Non é por nada, eh, pero somos cada vez menos e máis vellos por estos lares. Según el Instituto Nacional de Estadística, Galicia perdió 9.496 habitantes en el año 2016. Su saldo vegetativo (diferencia entre nacimientos y muertes) fue de signo negativo y se cifró en 12.683 personas; además se fueron de esta tierra 1.585 personas, abocados a buscarse el pan o la buena suerte en otros lugares, y solo la llegada a esta tierra de 4.772 personas impidió que la pérdida de población fuese aún mayor. Ya ni les cuento lo grave del asunto si nos fijamos solo en Ourense: según el INE, esta provincia perdió en el último año 3.538 habitantes; eso supone el 37% de la pérdida total que sufrió esta Comunidad Autónoma. Ninguna de las otras tres provincias alcanzó tal ratio; en algo, pues, somos la primera provincia gallega. Que se callen todos, que no se diga que pregonar a los cuatro vientos que «todos somos Ourense», o que presumir de ourensanía allí donde uno va no sirve de nada. Vale que eso no fija población, vale que toda la parafernalia burocrática queda olvidada en un cajón de un despacho oficial, o perdida entre las páginas del Boletín Oficial. Pero siempre gritaremos nuestro amor por Auria, y se nos llenará el pecho de emoción y de morriña, aunque en pocos años seamos aún más ancianos, aunque los parques sigan acogiendo a los abuelos, bastón en mano, sin nietos jugueteando a su alrededor. Aunque sigan ya solo unos pocos adentrándose por las calles de aldeas abandonadas, en las que, por no sonar, ya ni suena el cencerro de bueyes, ni el agua en la fuente de la plaza, ni tampoco el ladrido rutinario, casi desinteresado, del can al vernos llegar. 

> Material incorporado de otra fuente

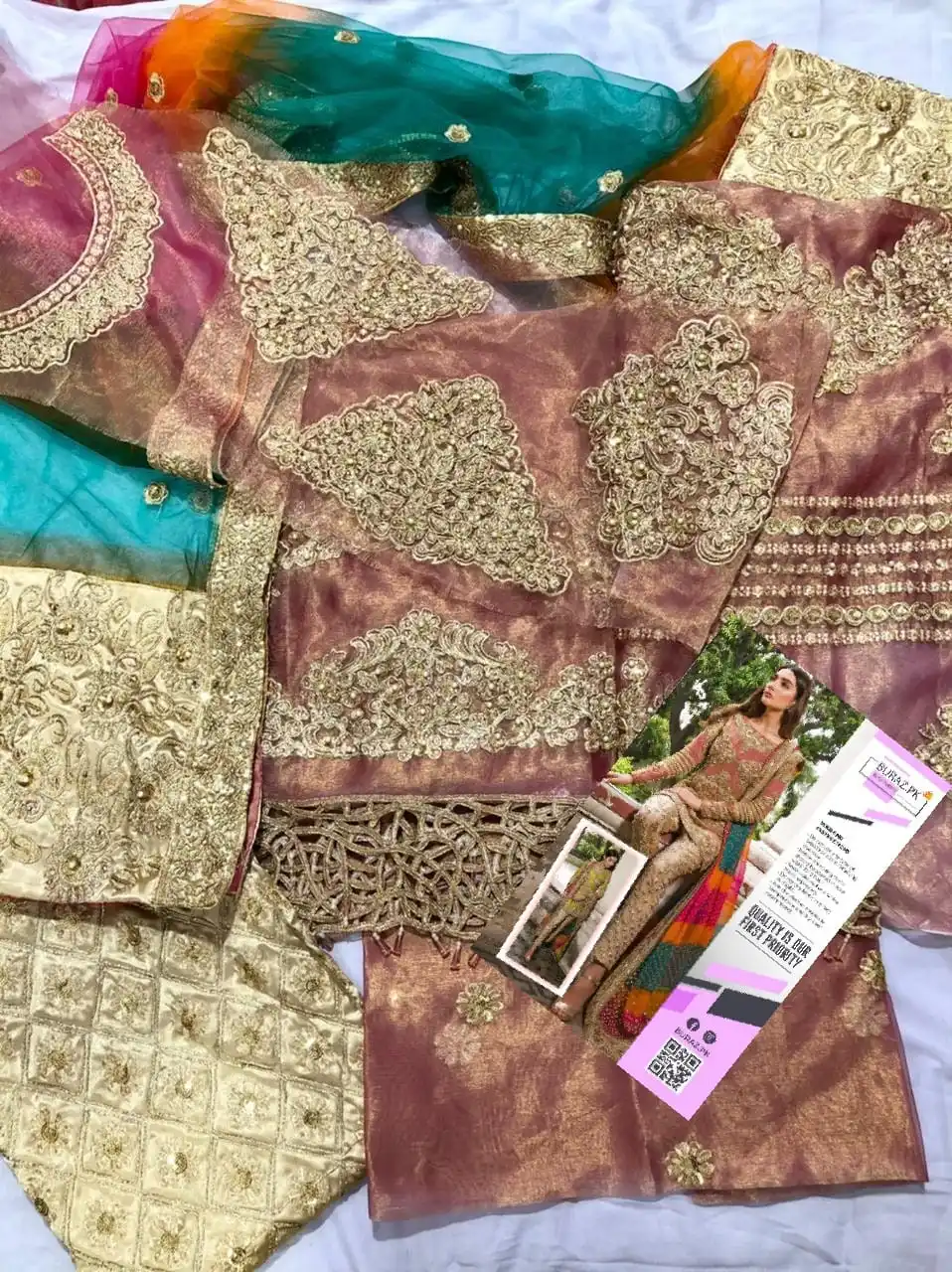 Latest Design Colorful Mehndi Pakistani Ladies Dress by AJM
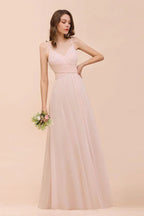 Dusty Pink Sleeveless A-line Wedding Guest Dress Beach Bridesmaid Dress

Galicia se desangra demográficamente, y Ourense mucho más; antes los jóvenes abandonaban los pueblos y se iban a la ciudad, donde esperaban conseguir un trabajo «normal», de esos que van de lunes a viernes, para luego tomarse unas copas el fin de semana. «El campo es duro y esclavo, y trabajas de sol a sol los siete días de la semana. Fíjate en las manos de padre, mira los ojos de madre, secos de tanto sol abrasador. Ellos no descansan nunca», debían de pensar los rapaces en los pueblos y aldeas, imaginándose pronto en la capital, dejando atrás la quietud monótona, a la que solo regresarían unos días de verano, para recorrer los regatos y saludar de nuevo  a los viejos del lugar, sentados éstos, como suelen, en las mismas sillas puestas a las puertas de sus casas, apoyadas sus manos en caxatos de edad indeterminada. 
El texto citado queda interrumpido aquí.